WORK TASK: From the records below, please print only the lines from the one containing "Elazığ'da sağanak etkili oldu" through the one containing "Junior Studio, 1 Queen Bed, Kitchenette", both included. Skip the pictures.

INFORMATION:

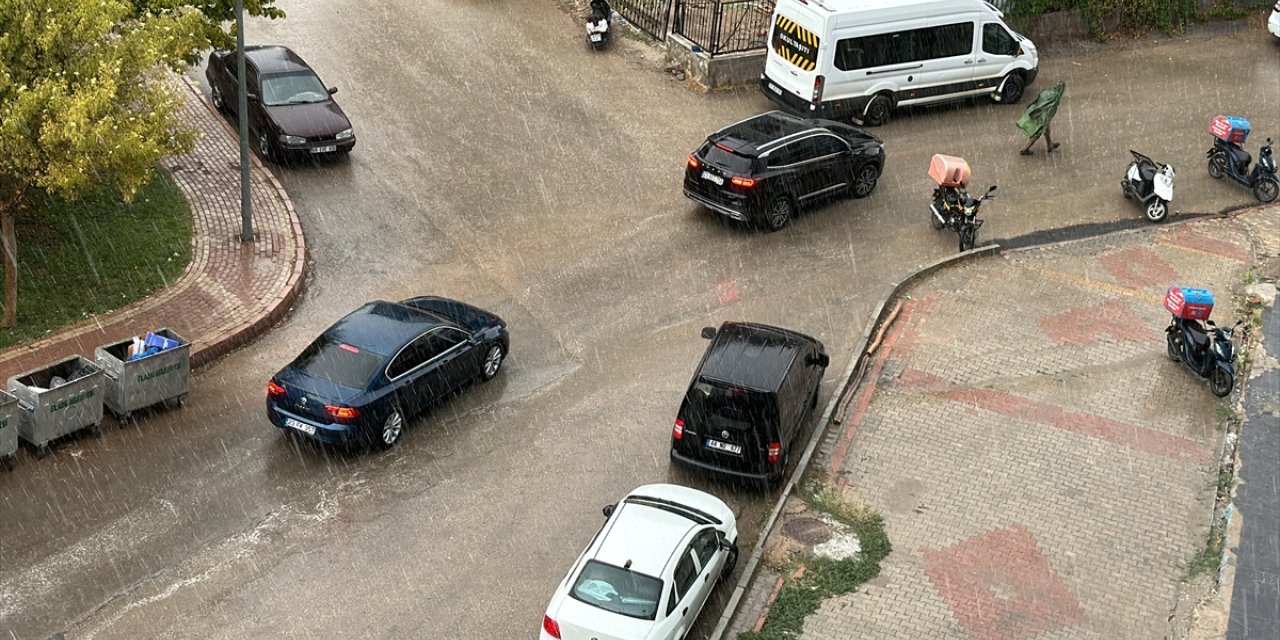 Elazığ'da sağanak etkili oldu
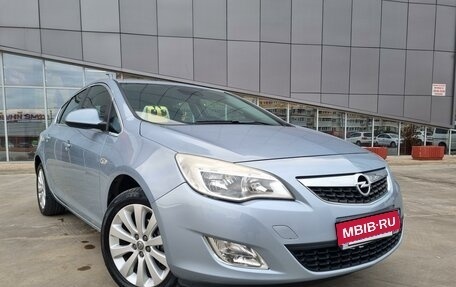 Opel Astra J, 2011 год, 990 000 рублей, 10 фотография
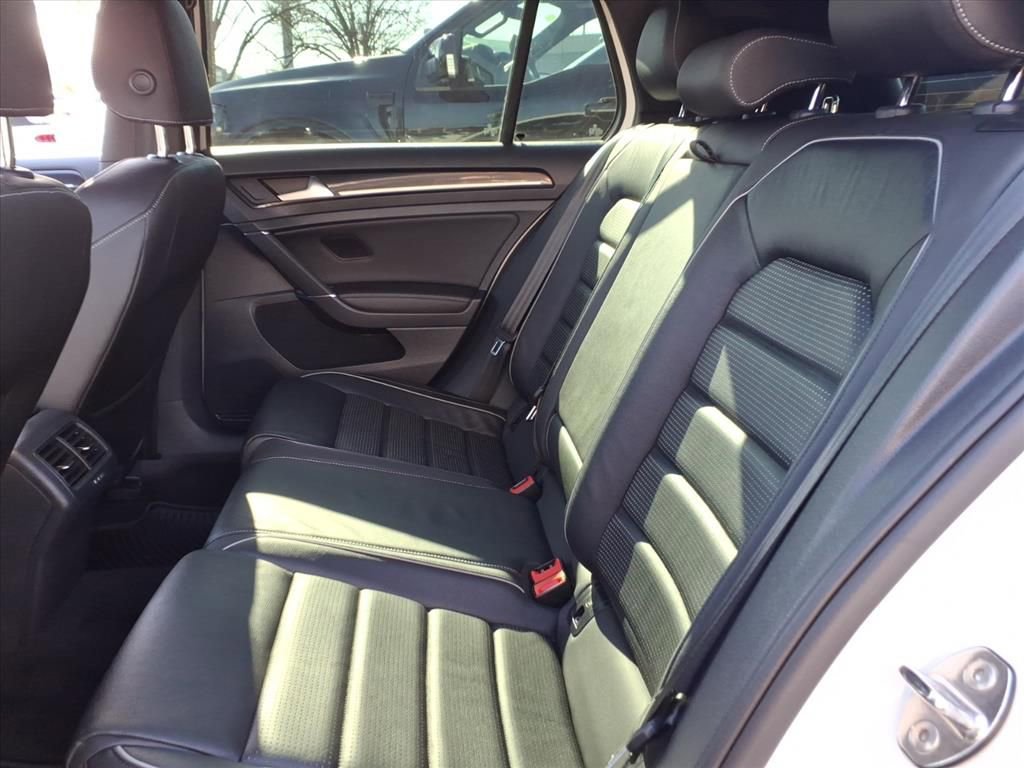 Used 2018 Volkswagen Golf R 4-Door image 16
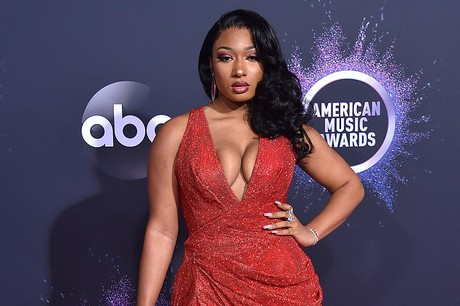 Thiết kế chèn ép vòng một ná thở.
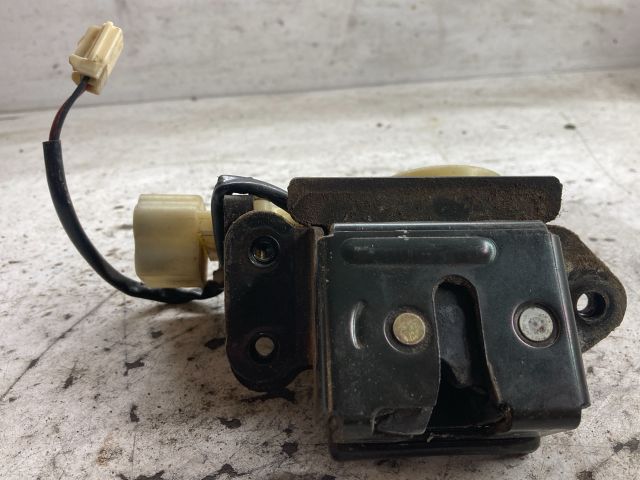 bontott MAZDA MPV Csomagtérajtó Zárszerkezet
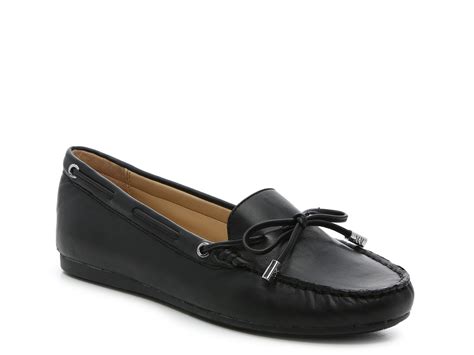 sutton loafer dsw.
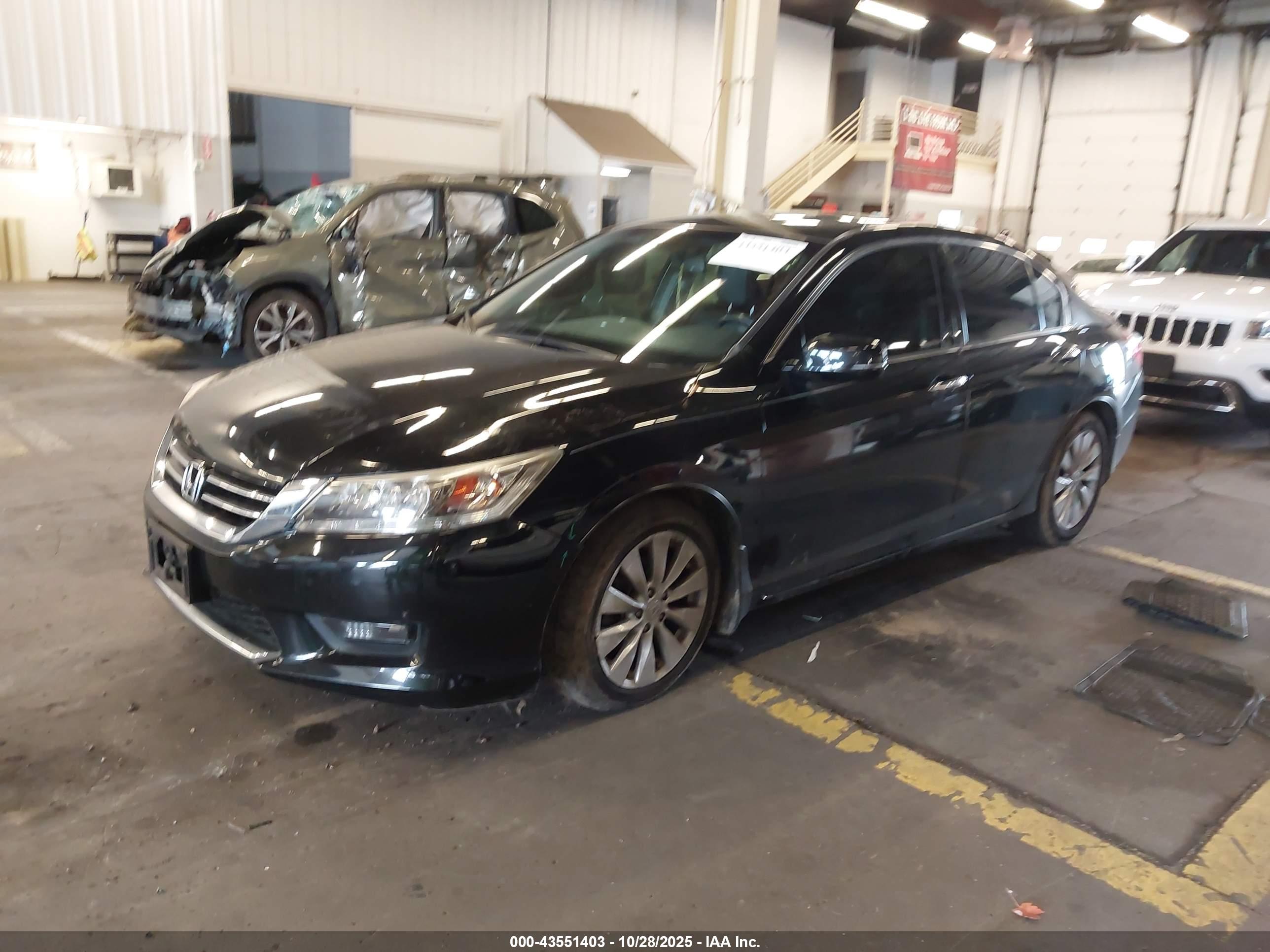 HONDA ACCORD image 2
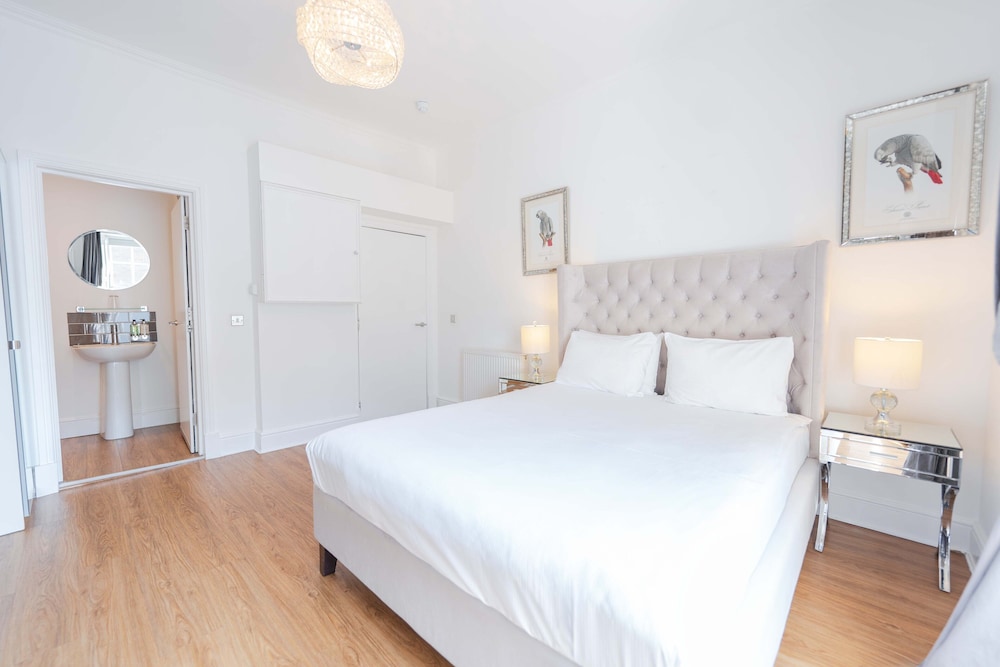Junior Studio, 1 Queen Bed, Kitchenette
--
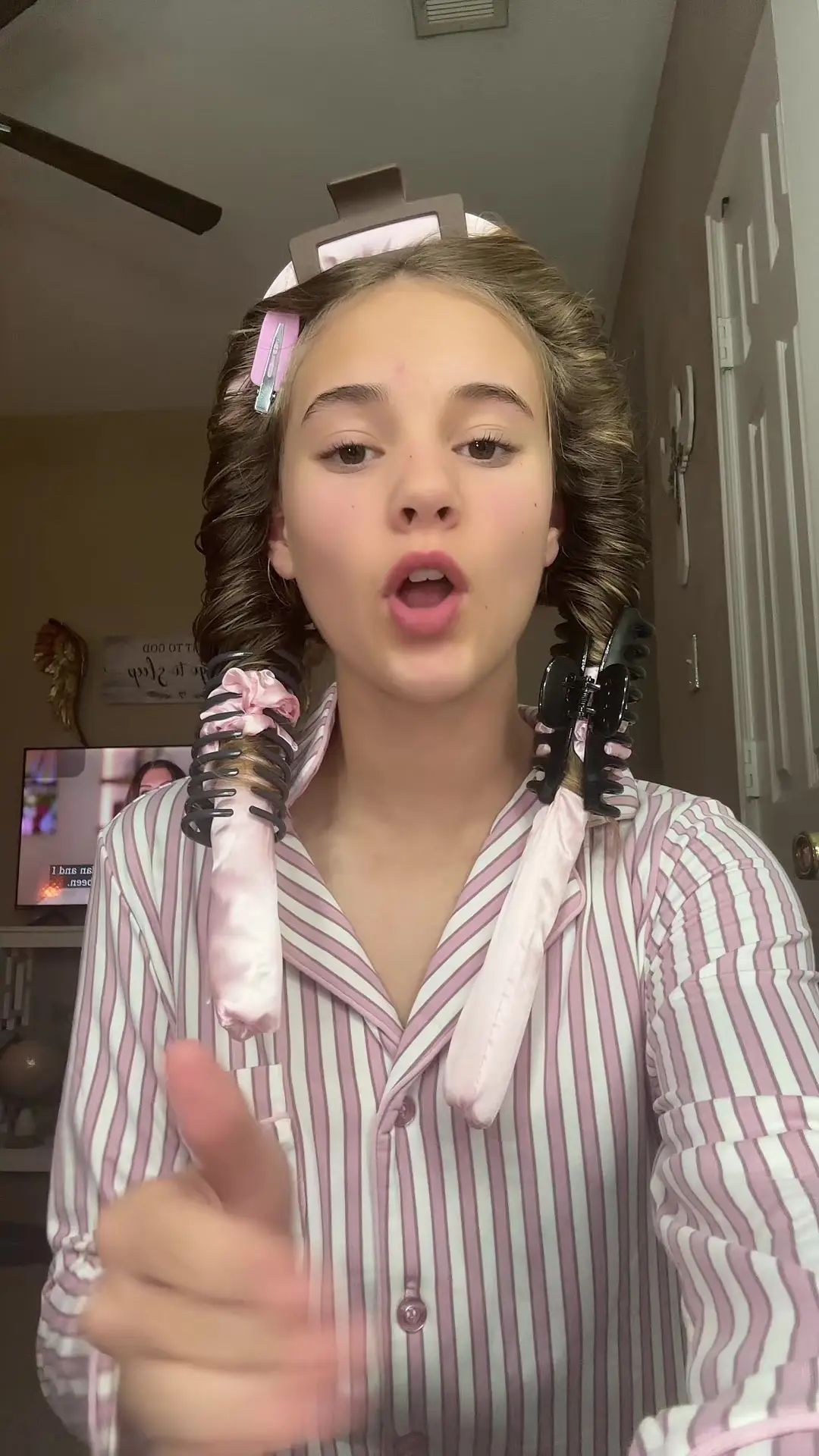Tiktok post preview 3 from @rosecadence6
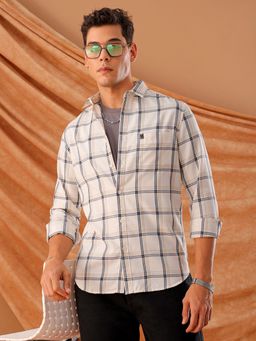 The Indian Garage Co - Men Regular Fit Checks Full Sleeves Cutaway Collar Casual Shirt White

SOLUTION TO THIS TASK:
 Elazığ'da sağanak etkili oldu
 Opel Astra J, 2011 год, 990 000 рублей, 10 фотография
 Used 2018 Volkswagen Golf R 4-Door image 16
 Thiết kế chèn ép vòng một ná thở.
 bontott MAZDA MPV Csomagtérajtó Zárszerkezet
 sutton loafer dsw.
 HONDA ACCORD image 2
Junior Studio, 1 Queen Bed, Kitchenette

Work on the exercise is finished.